Als Hilly Kristal ein paar Gigs von Television am Wochende zustimmt, ahnt er nicht, daß er sich gerade als Geburtshelfer betätigt hat für ein Phänomen, das als Punk in die Geschichte eingehen wird.

DEBBIE HARRY

Innerhalb kurzer Zeit entwickelt sich das CBGB`s zum Zentrum einer Szene von Bands wie den Ramones, der Pattie Smith Group, den Talking Heads, Suicide oder Blondie, die durchaus unterschiedliche musikalische Stile verbinden mit einer gemeinsamen Ablehnung der dominierenden Hippie - Kultur.
Namensgebend und imagebildend wirkt das parallel entstandene Punk Magazine, eine Zeitung, deren Erscheinen auf Plakaten mit „Punk is coming!“ angekündigt wird. In Interviews und Fotogeschichten mit den Musikern der neuen Szene als Protagonisten formuliert sich ein Bild dieser Szene nach innen wie auch nach außen, über den Club hinaus.

Ein Teil der jungen Musiker wie Richard Hell und Tom Verlaine von Television und Patti Smith hatten schon vor ihren Bandgründungen ein Faible für Rebellen der französichen Literatur des 19. Jahrhunderts wie Rimbaud, Beaudelaire und Lautreamont. „Sie waren unsentimental, urban, grausam“ (Richard Hell), so wie auch gleichermaßen von ihnen geschätzte zeitgenössische Außenseiter der amerikanischen Literatur: William Burroughs und Beat - Autoren wie Kerouac und Ginsberg.

Sie hatten auch selbst zu schreiben begonnen, und insbesondere Patti Smith verfügt bereits über eine underground - Reputation als Poetin, bevor sie beginnt, ihren act zunemend zu musikalisieren und schließlich ihre Texte als Sängerin ihrer Band zu performen.

PATTI SMITH

Auch musikalisch gibt es eine Reihe von Vorbildern, die abseits von dem vorherrschenden Rockschmock und Gurugedöns der frühen 70er stehen.

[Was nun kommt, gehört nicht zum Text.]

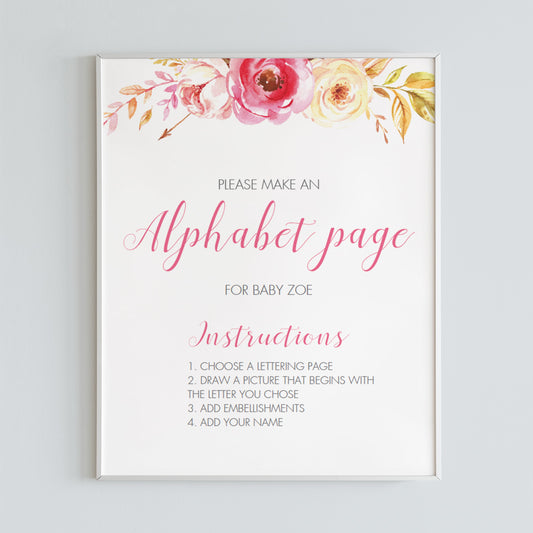 Girl baby shower abc book sign printable by LittleSizzle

Besonders The Stooges aus Detroit mit ihrem Sänger Iggy Pop haben sich schon seit `69 mit ihrer neuartigen, maschinenhaften Musik und ihren wüsten Auftritten, bei denen der Sänger sich in Glasscherben oder Peanutbutter wälzt, bevor er sich ins Publikum stürzt - eine damals völlig unbekannte Verhaltensweise für einen Musiker -, bei all denen einen Namen gemacht, die ebenso ablehnend dem Mainstream gegenüberstehen.

In New York selbst gibt es die New York Dolls, die schnörkellosen Rock`n Roll im 3 - Minuten - Format im Transvestitenlook runterreissen und Songs über „Trash“ und „Pills“ bringen anstelle von „mountains blue“, „rivers clear“ und „horses free“. Ihre Themen wie ihre Performance schockieren das prüde Mittelamerika. Umso größer ist ihre Reputation in der sich entwickelnden New New Yorker Szene von Outsidern.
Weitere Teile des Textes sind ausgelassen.